ソフトバンク・仲田慶介【写真:藤浦一都】
ソフトバンク・仲田慶介【写真:藤浦一都】

11日の2軍・中日戦で公式戦初となる本塁打を放った仲田

 小さな身体で放った大きな一発だった。11日にタマスタ筑後で行われたウエスタン・リーグの中日戦。ソフトバンクの育成14位ルーキー仲田慶介外野手が、公式戦初の本塁打をマークした。

 16点の大量リードで迎えた8回。代走から途中出場していた仲田は、先頭打者として左打席に入った。仲田にとってはこの日最初で唯一の打席だった。中日の3番手・マルクの2球目のスライダーを振り抜くと、ぐんぐんと飛距離を伸ばした打球は右翼のフェンスを越えていった。嬉しいプロ初アーチだった。

「今日の打席は、本当に1打席のチャンスだったんで、少ないチャンスでしっかり結果を残そうと、いつも以上に集中して打席に入りました。その結果、一番いい結果になったのですごい良かったです」

 この日与えられた唯一の打席で最高の結果を残してみせた仲田。ただ、そこは己を客観的に見ることができるだけに色気は出さない。「本当たまたまっていうか、センターにコンパクトに、センターに強く低い打球を打つっていうのを心がけているんで、コンパクトに振った結果がたまたまホームランになった。なので、今日の一発は忘れて、また今まで通りコンパクトなスイングで、率を残せるようなバッティングをしたいと思ってます」と冷静だった。

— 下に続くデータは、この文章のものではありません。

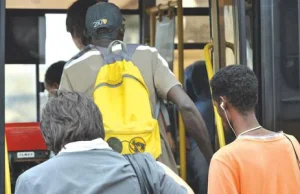 W Szwecji kierowca autobusu pobił uchodźcę z Syrii krzycząc: „Nienawidzę...
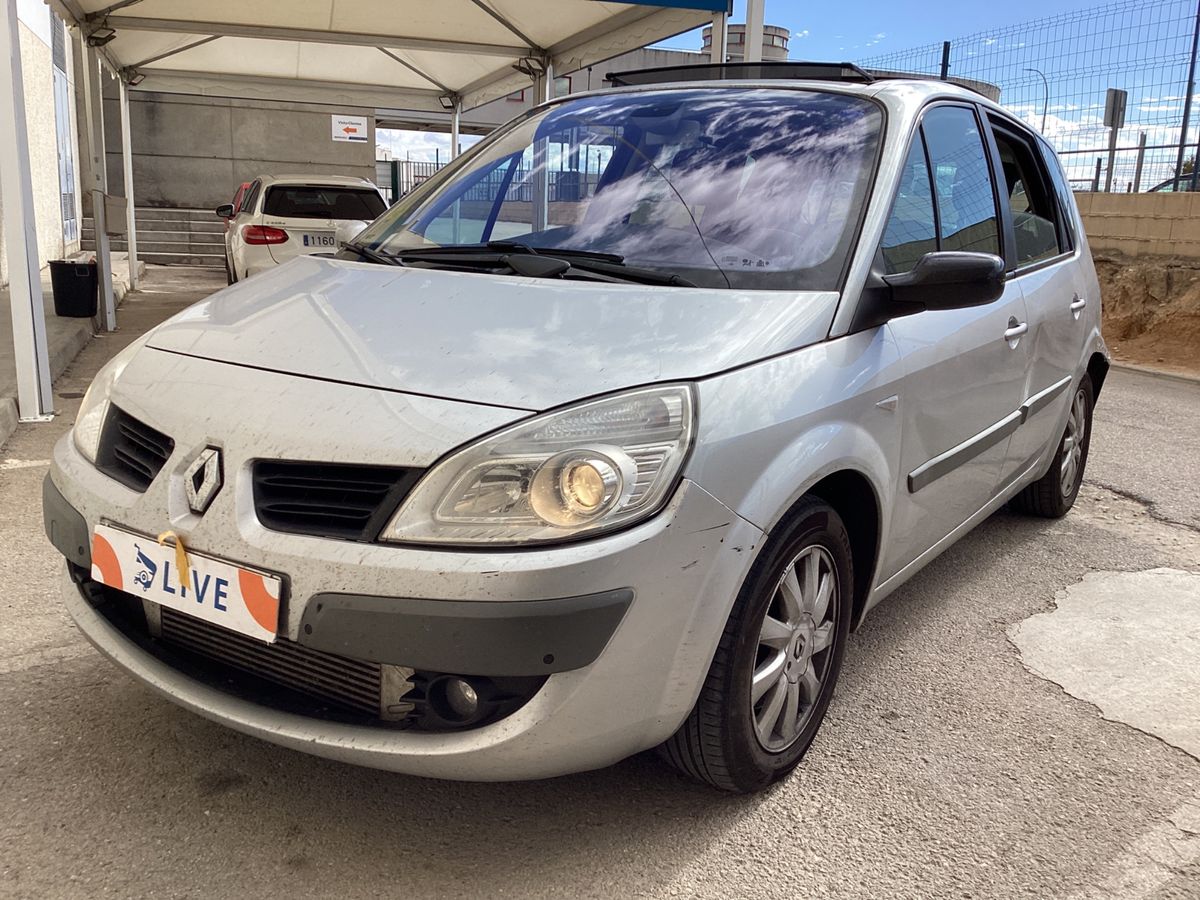 Renault Scenic 1.9 dCi Dynamique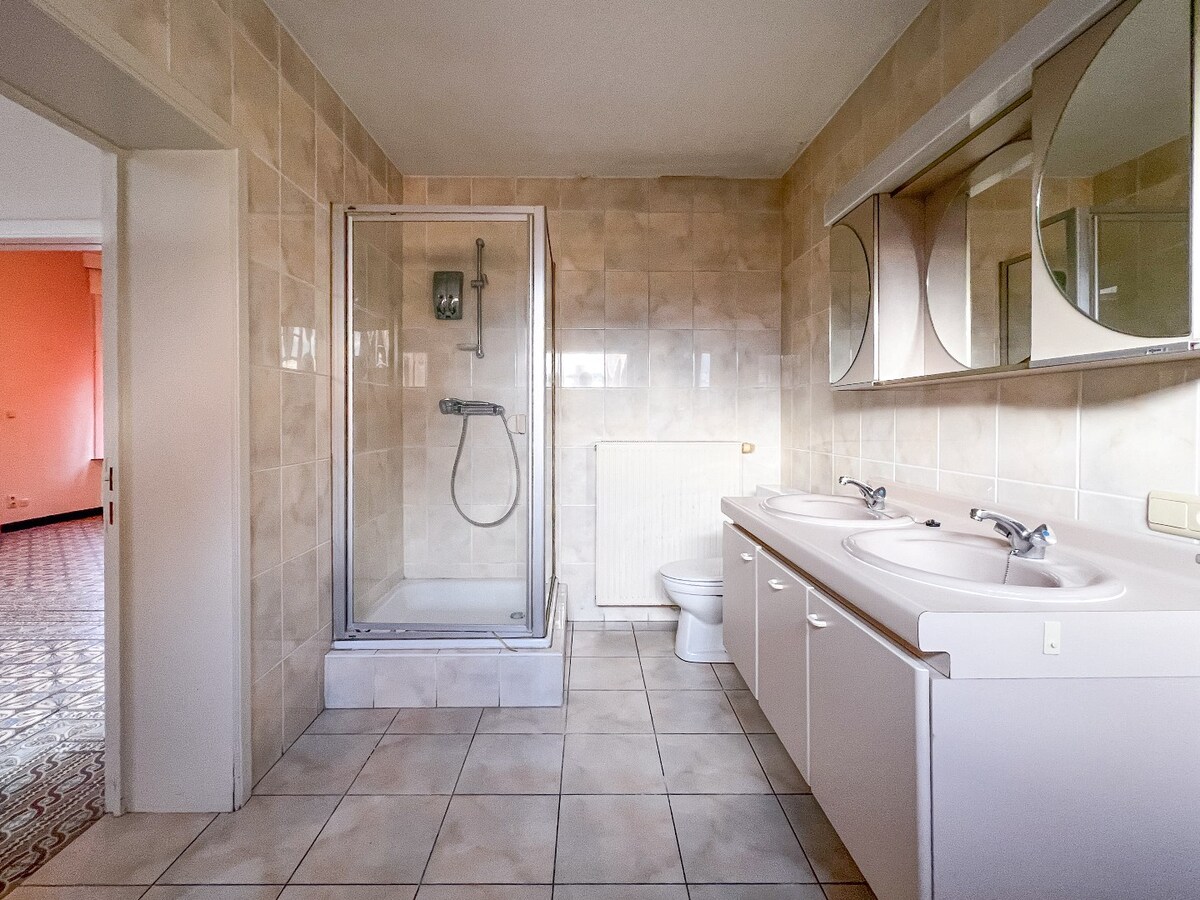 Opbrengsteigendom met 2 appartementen 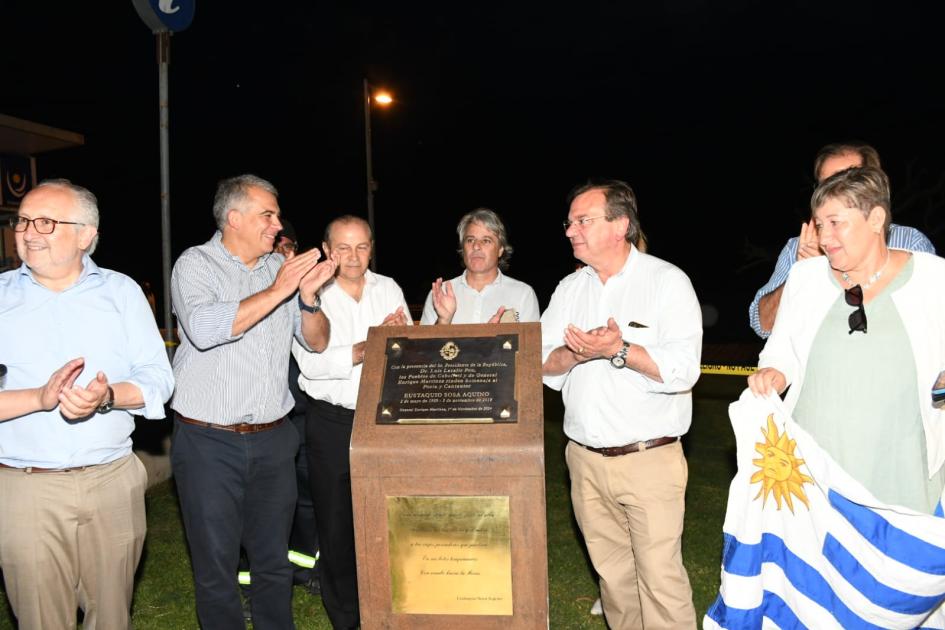 Inauguración de nuevas luminarias y homenaje a Eustaquio Sosa en La Charqueada Inauguración de nuevas luminarias y homenaje a Eustaquio Sosa en La Charqueada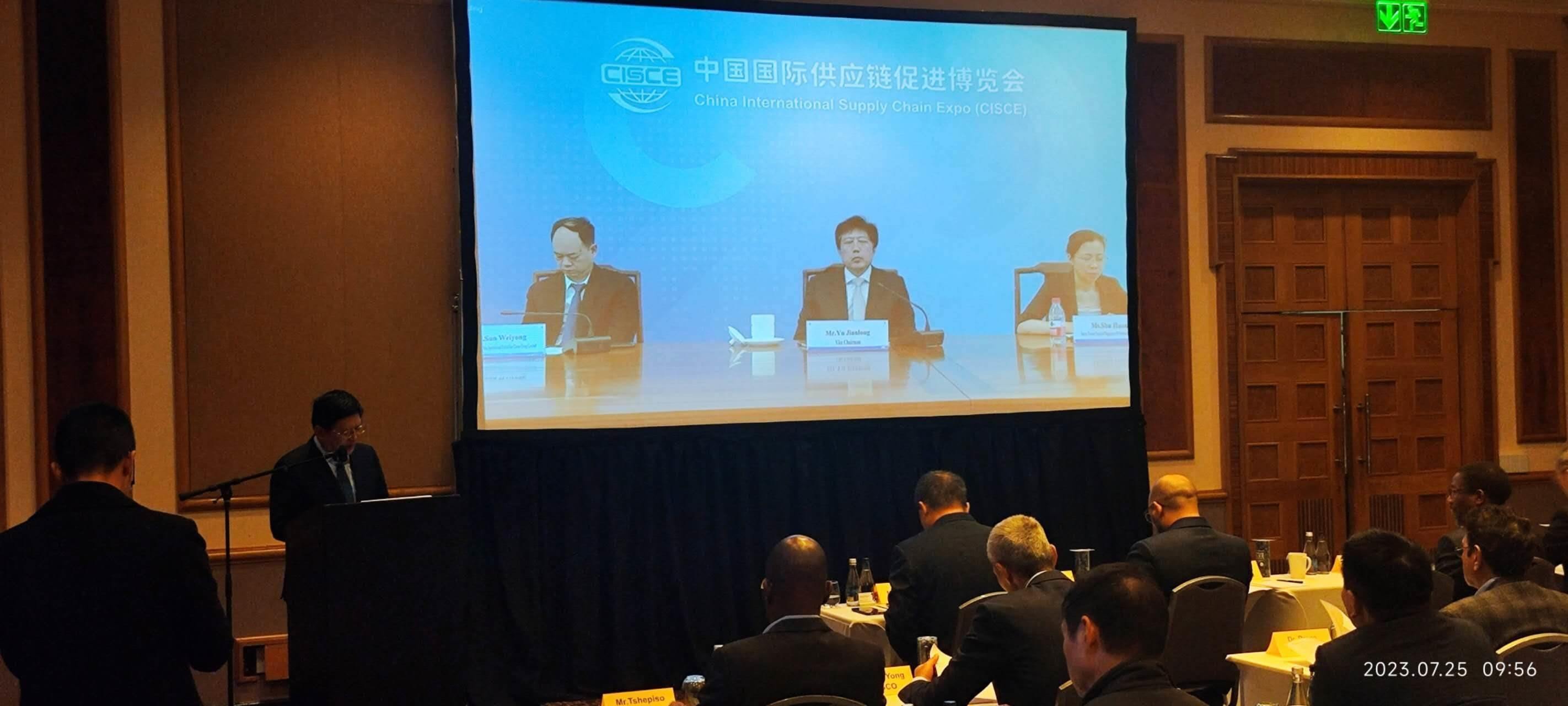 唐中東總領(lǐng)事致辭。圖片來(lái)源：貿(mào)促會(huì)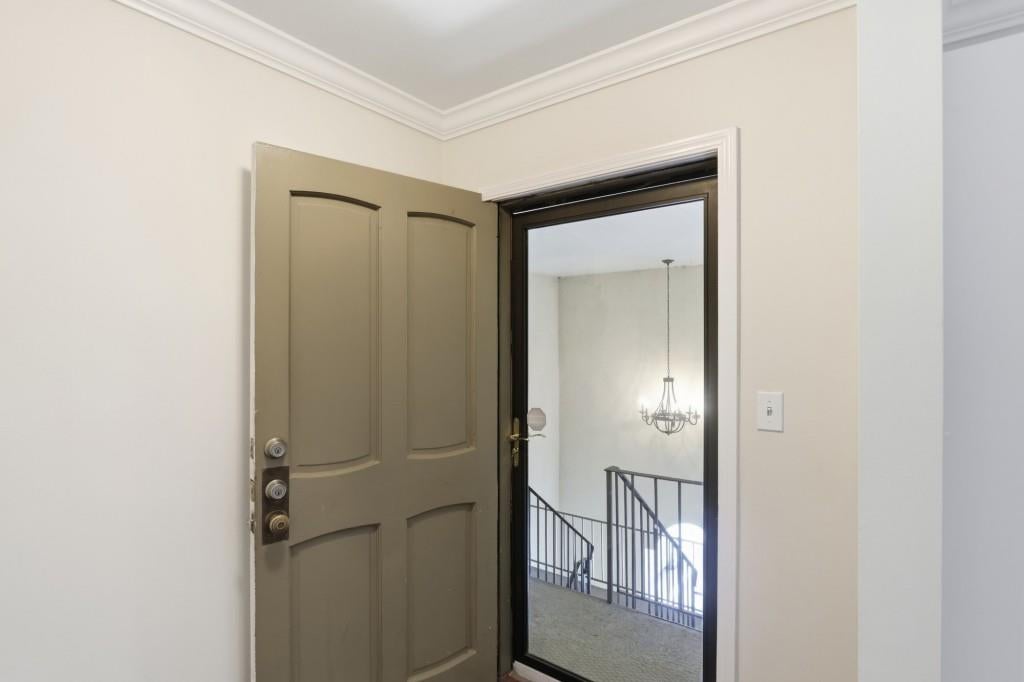 53 Chaumont Square NW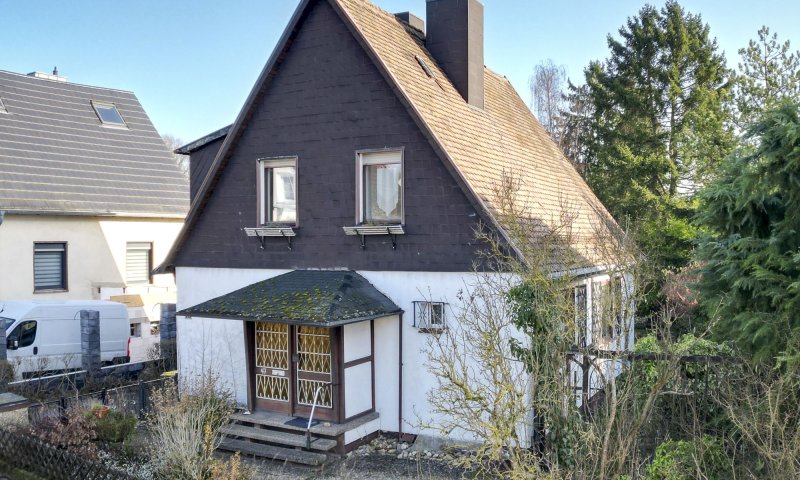 Ihr neues gemütliches Zuhause mit traumhafter Lage und Grundstück in verkehrsberuhigtem Bereich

 福岡大時代まではバットを長く持ち、長打を狙うこともあったという仲田だが、現在は拳一つ分バットを短く持つ。ドラフトで指名されてから「飛距離では勝負できないので、確実性をとにかく磨いていこう」と取り組んだ。プロの世界で生き残るためにどうすべきかを考え、行き着いた思考。だからこそ、本塁打が出た嬉しさはあっても、ブレることは一切ない。

 追い込まれてからの粘っこさも仲田の持ち味ではある。ただ「元々、追い込まれてからが得意だったんですけど、レベルの高いピッチャーと対戦するようになって、追い込まれてからの対応ができていない部分があるので、そこはすごく課題としてやっているところです」と語るように、大学から3軍、2軍とステップアップしていく中で難しさも感じている。追い込まれるまでは、狙った球を一発で捉える意識を持ち、追い込まれてからはファウルで粘って四球も狙える“嫌らしい”打者を目指す。まさに、仲田が子どもの頃から憧れてきた中村晃外野手そのものだ。

「中学の頃から中村晃さんに憧れていて、バッティングフォームを真似していました」。腰痛でリハビリ中だった中村晃が3軍の試合に出場した際に話をする機会があった。その時のことを「いろいろ質問もさせてもらいました。打席に入る前の準備がすごくしっかりされていたので勉強させてもらいました」と振り返り、目を輝かせる。「中学時代から憧れていました」と本人に“告白”し「頑張れと言ってもらいました」と笑う。憧れの先輩にも刺激を受けた仲田。いまファームでホットな存在の1人だ。